I deleted the first line each time I tested it.

pgaskin commented 4 years ago

I think this is pretty much ready now. The parser emits errors properly, and I think I've fixed all regressions from the refactor. I've also tested all the examples and my own config. I'll probably merge this, and I might post a beta version on MR later this week for testing.

NiLuJe commented 4 years ago

Another random thought: at boot, config parsing is bracketed between the failsafe mechanism.

That's no longer the case when updating configs. Should we care?

(I say that because I did manage to busy-loop nickel when breaking the linked list stuff ^^).

pgaskin commented 4 years ago

That's no longer the case when updating configs. Should we care?

I originally thought of that (hence the now-reverted instant failsafe destruction commit), but I decided against it, as it would mean I need a mutex to ensure the failsafe isn't already running, and if it was going to crash, it would do it during the initial parsing, which would trigger the failsafe. And, if it did happen to cause issues only after the first parse (i.e. when the menu is opened), NM can be uninstalled manually by connecting via USB or telnet without using the menu. Does this seem reasonable?

NiLuJe commented 4 years ago

@geek1011: Nope, sounds good.

In any case, if an uncaught bug does cause an issue during a config update, Nickel will softlock, which means sickel will reboot the device.
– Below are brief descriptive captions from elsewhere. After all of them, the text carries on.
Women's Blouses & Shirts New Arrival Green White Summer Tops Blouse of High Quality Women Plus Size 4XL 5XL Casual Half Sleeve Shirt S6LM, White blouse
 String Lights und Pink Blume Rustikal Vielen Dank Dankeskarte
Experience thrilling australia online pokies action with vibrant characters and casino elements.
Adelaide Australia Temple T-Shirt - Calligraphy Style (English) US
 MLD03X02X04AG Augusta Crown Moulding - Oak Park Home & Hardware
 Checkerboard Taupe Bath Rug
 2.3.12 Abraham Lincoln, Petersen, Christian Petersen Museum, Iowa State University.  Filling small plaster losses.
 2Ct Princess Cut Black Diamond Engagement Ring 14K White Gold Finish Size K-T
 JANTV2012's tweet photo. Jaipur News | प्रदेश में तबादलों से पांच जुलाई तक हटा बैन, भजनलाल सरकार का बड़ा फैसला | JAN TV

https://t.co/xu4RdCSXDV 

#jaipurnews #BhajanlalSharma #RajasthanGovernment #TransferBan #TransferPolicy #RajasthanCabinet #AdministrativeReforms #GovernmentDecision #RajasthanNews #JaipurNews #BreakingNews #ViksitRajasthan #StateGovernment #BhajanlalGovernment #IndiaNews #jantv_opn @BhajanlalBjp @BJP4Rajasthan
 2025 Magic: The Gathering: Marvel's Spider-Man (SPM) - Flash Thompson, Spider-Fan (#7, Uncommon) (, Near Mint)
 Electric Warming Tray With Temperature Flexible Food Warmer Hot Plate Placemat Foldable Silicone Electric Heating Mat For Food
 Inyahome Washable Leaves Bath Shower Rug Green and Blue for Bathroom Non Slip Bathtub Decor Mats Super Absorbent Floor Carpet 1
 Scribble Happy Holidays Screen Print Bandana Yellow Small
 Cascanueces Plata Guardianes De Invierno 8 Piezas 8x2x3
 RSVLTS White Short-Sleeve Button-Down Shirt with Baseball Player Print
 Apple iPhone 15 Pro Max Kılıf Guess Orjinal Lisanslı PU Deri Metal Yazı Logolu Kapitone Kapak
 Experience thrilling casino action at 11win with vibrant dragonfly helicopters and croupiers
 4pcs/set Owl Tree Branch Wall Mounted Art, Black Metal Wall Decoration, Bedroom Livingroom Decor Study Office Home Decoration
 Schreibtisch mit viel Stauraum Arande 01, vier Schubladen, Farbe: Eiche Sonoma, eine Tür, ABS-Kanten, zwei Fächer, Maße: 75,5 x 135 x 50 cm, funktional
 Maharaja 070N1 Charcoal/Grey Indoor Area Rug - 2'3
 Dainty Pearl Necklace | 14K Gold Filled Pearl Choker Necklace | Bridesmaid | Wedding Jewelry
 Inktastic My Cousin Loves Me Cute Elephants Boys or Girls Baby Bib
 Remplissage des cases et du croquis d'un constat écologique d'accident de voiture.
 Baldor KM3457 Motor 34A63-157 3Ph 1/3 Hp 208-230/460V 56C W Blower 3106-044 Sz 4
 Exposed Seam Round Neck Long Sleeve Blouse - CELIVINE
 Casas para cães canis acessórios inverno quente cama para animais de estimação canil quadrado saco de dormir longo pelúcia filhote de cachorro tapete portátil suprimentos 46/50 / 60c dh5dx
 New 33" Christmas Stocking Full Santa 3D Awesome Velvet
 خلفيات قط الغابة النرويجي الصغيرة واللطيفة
Since the device was essentially unusable, the configs won't have been touched, at which point they'll trigger the exact same issue during the newt boot, except this time it'll be during the failsafe window, so, everybody wins ;).

It essentially boils down to simply needing two reboots instead of one to "fix" it by self-destruct.

EDIT: Which is what you just said :D. It's late ^^.